Multi-capable Airmen skill sets are regularly rehearsed in both Korea and Japan, he said, such as pilots refueling their own aircraft, practicing landing away from their home base, and turning the aircraft with limited support. “That’s all happening as the normal course of business,” Wilsbach said. “We’ve also had some ACE-like operations even in Australia … in the Philippines and … Palau.”

Getting to IOC

Wilsbach helped usher in the inception of ACE as commander of the 11th Air Force at Joint Base Elmendorf-Richardson, Alaska, between 2016 and 2018. Now as PACAF commander, he will likely see ACE achieve initial operating capability in the Pacific. “ACE for the entire Air Force started [in] Alaska,” he said. “Our forces in Alaska have been doing ACE now for coming up on five years.”

In Hawaii, the island chain enables hub and spoke operations, starting in Hickam and focusing on landings, maintenance, and austere air base in the surrounding islands. “The F-22 squadron here will … take off, and then they’ll land at one of the other islands or maybe even at Kaneohe Bay [Marine Corps Air Station], they’ll get a quick turn, and then they’ll get airborne again.”

To describe the next challenge for ACE, Wilsbach offered the Hawaiian island chain as a complex command-and-control problem. “It’s pretty easy to know what’s going on with your jets if they take off from say, Hickam Air Force Base, and they launch and they do a mission, and they come back to Hickam,” Wilsbach began. “But imagine if Hickam is a hub, and you’ve got every one of the other Hawaiian Islands as a spoke.
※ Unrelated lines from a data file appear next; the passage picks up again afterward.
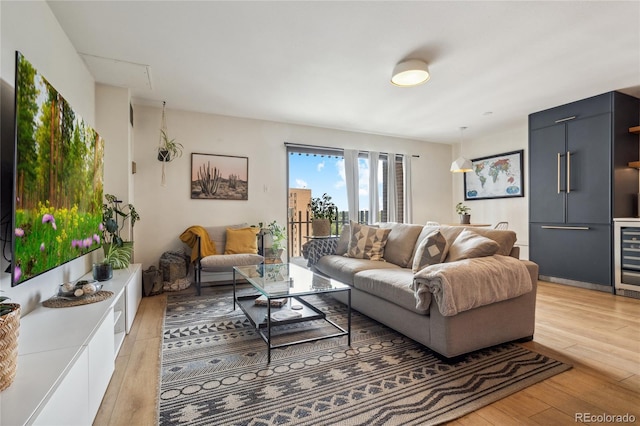 living area featuring light wood-style floors and wine cooler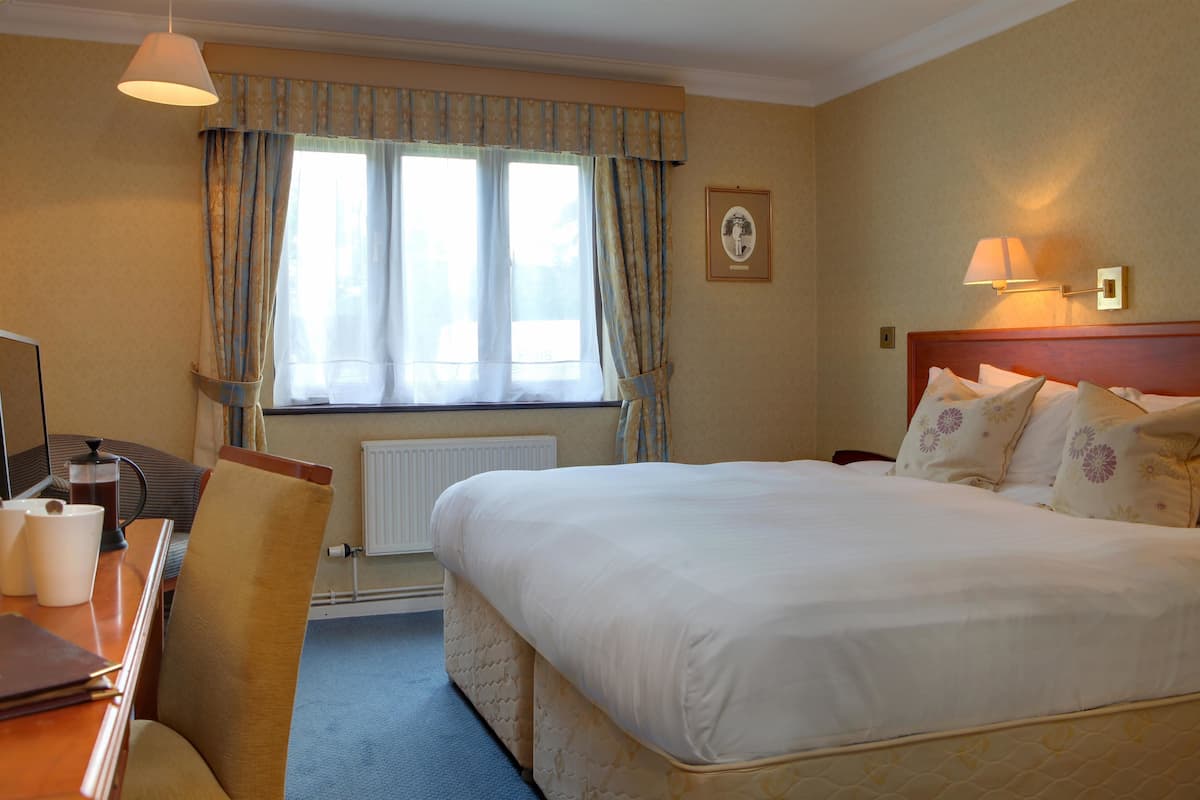 In-room safe, desk, blackout curtains, iron/ironing board
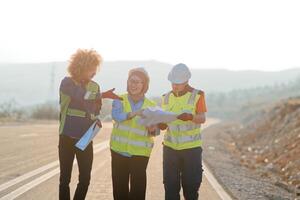 A team of engineers and workers oversees a wind turbine project at a modern wind farm, working together to ensure the efficient generation of renewable energy photo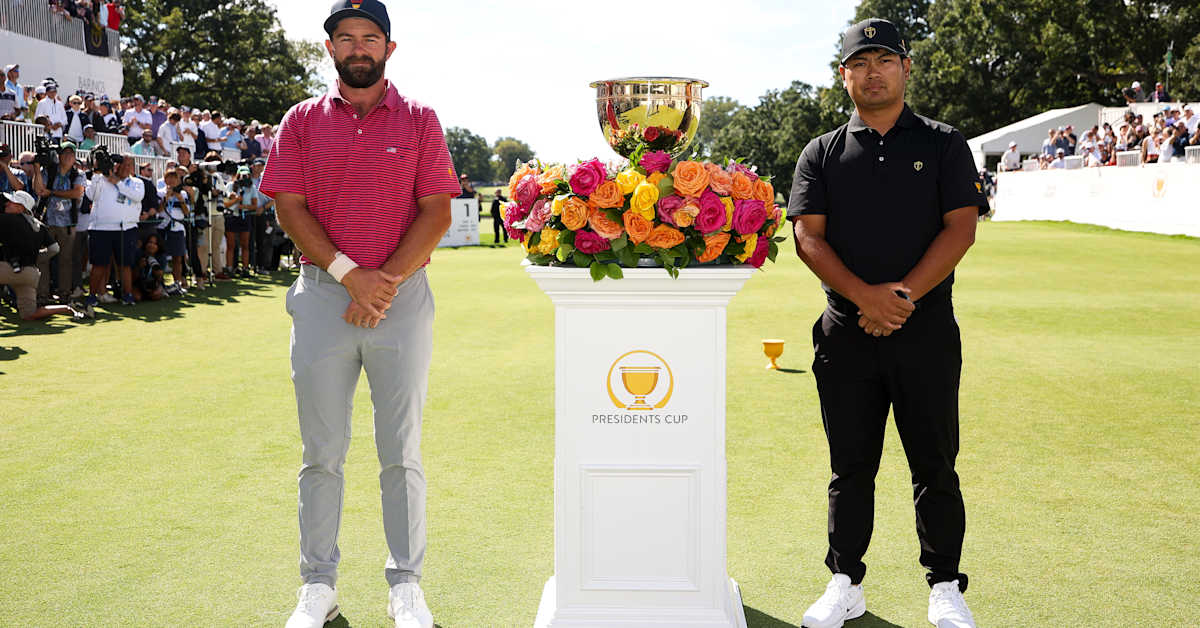 Cameron Young and Ryo Hisatsune with the Presidents Cup at Medinah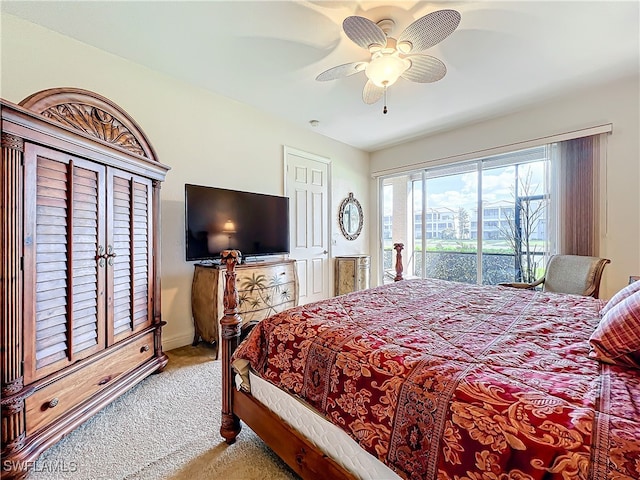 bedroom with access to exterior, carpet floors, and ceiling fan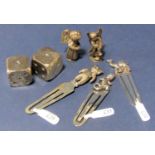 A collection of novelty silver items to include a pair of dice, pair of miniature cherubs and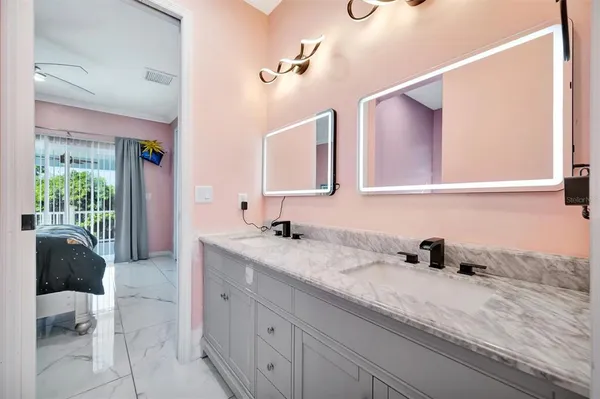 a view of walk in closet with clothes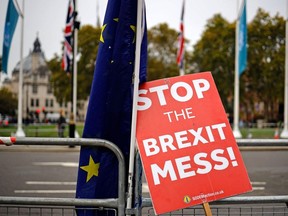 A placard belonging to an anti-Brexit activist leans against a European Union flag outside the Houses of Parliament in London on October 23, 2019.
Now they go airborne, and now you’ve got somebody on the Big Island, you’ve got somebody in Maui, you got somebody at Kauai. Now it gets a little more difficult knowing what’s going on.”

Maintenance, parts delivery, munitions, fuel, and more suddenly get more complicated. “It’s a constant, constant movement,” he said. “And then maybe they don’t even land, maybe there’s a tanker and they hit the tanker, and they just keep going.”

An aircraft that needs maintenance might need to return to the hub, rapidly replaced with a ready aircraft at the spoke. Wilsbach said wings across the Pacific must test and reheard the command-and-control requirements to make ACE operational. “All the wings in PACAF are working through it, finding out what the challenges are, and tackling those challenges with new innovations and new communication kit,” he said.

Wilsbach said he is “very confident” his wings can do ACE now if the need arises. “We’re in a good spot. We’re working, we’re continuing to expand that ACE envelope every single day. We’ve been working pretty aggressively over the last few years providing every single wing some foundation of ACE capability, and every wing is a little bit different as to where they go, how they disperse, how much multi-capable Airmen capability they actually have,” he said. “Every wing … is slightly different, but everybody’s got a foundation.”